Широкая улыбка девушки превратилась в тонкую, полную интереса и в то же время загадочную.
— Я не уверена.
Боб поймал себя на том, что нервно облизывает верхнюю губу, — застарелая привычка. Ему хотелось, чтобы Надя поняла. Ему нужно было, чтобы она его поняла. Он не помнил, чтобы когда-нибудь хотел чего-либо так же сильно.
— Твой шрам? — сказал он. — Это твое личное дело. Ты расскажешь мне тогда, когда расскажешь. Или не расскажешь. Как получится.
Боб посмотрел на канал. Надя тронула его за руку и тоже стала смотреть на канал, и они просидели так довольно долго.
Перед работой Боб зашел в церковь Святого Доминика и сел на пустую скамью в пустой церкви, впитывая в себя тишину.
Отец Риган перешел из ризницы в алтарь, на нем была светская одежда, только брюки остались черные. Он с минуту смотрел на Боба, сидевшего на скамье.
— Это правда? — спросил Боб.
Отец Риган вышел на середину прохода. Сел на скамью перед Бобом. Развернулся и положил руку на спинку.
— Правда. Епархия считает, что мы будем лучше исполнять свои пасторские обязанности, если сольемся с приходом Святой Цецилии.
— Но ведь эту церковь… — сказал Боб и указал на свою скамью, — они продают.
— Да, это здание и школа будут проданы.
Боб поглядел на устремленный к небесам свод. Он смотрел на него с трехлетнего возраста. Он никогда не видел сводов других церквей. Предполагалось, что и не увидит до самой своей смерти. Так было с его отцом, так было с отцом его отца. Некоторые вещи — их не так уж и много — должны оставаться такими, какими были всегда.
— А вы? — спросил Боб.
— Я еще не получил назначения.
— Они защищают педофилов, — сказал Боб, — и тех мудаков, которые их покрывали, но не знают, куда определить вас? Надо ж, какие мудрецы.

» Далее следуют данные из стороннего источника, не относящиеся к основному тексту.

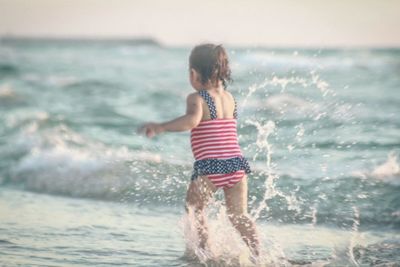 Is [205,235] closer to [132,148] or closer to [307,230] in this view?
[307,230]

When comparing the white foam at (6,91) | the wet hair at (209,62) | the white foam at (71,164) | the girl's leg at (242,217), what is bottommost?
the white foam at (71,164)

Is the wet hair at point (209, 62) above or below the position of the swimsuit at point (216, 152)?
above

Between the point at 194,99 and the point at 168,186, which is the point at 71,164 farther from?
the point at 194,99

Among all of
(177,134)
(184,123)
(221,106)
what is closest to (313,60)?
(177,134)

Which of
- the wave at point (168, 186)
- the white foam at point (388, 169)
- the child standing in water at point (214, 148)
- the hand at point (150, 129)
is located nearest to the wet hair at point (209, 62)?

Отец Риган бросил на Боба взгляд, означавший, что он сомневается, доводилось ли ему раньше видеть такого Боба.
Скорее всего, нет.
— А в остальном у вас все в порядке? — спросил отец Риган.
— Конечно. — Боб поглядел на поперечные нефы. Уже не в первый раз он изумлялся, как люди умудрялись строить такое в 1878 году или, если уж на то пошло, в 1078-м. — Конечно, все в порядке.
— Я так понял, — сказал отец Риган, — что вы с Надей Данн подружились.
Боб поднял на него глаза.
— В прошлом у нее были кое-какие проблемы. — Отец Риган легонько похлопал по спинке скамьи и потом стал рассеянно ее гладить. — Кто-то даже сказал бы, что она сама ходячая проблема.
Молчаливая церковь высилась над ними, и казалось, что рядом бьется третье сердце.
— А у вас есть друзья? — спросил Боб.
Отец Риган удивленно поднял брови:
— Конечно.
— Я не имею в виду просто коллег, других священников, — сказал Боб. — Я говорю о по-настоящему близких друзьях. Людях, с которыми… ну, я не знаю… приятно общаться.
Отец Риган кивнул:
— Да, Боб. У меня есть друзья.
— А у меня нет, — сказал Боб. — То есть не было.
Боб еще немного полюбовался церковным убранством. Улыбнулся отцу Ригану и произнес:
— Благослови вас Господь, отец. — И поднялся со скамьи.
— Благослови тебя Господь, — сказал отец Риган.
Подойдя к двери, Боб остановился у чаши со святой водой. Перекрестился. Постоял немного, опустив голову. Потом перекрестился второй раз и вышел в центральные двери.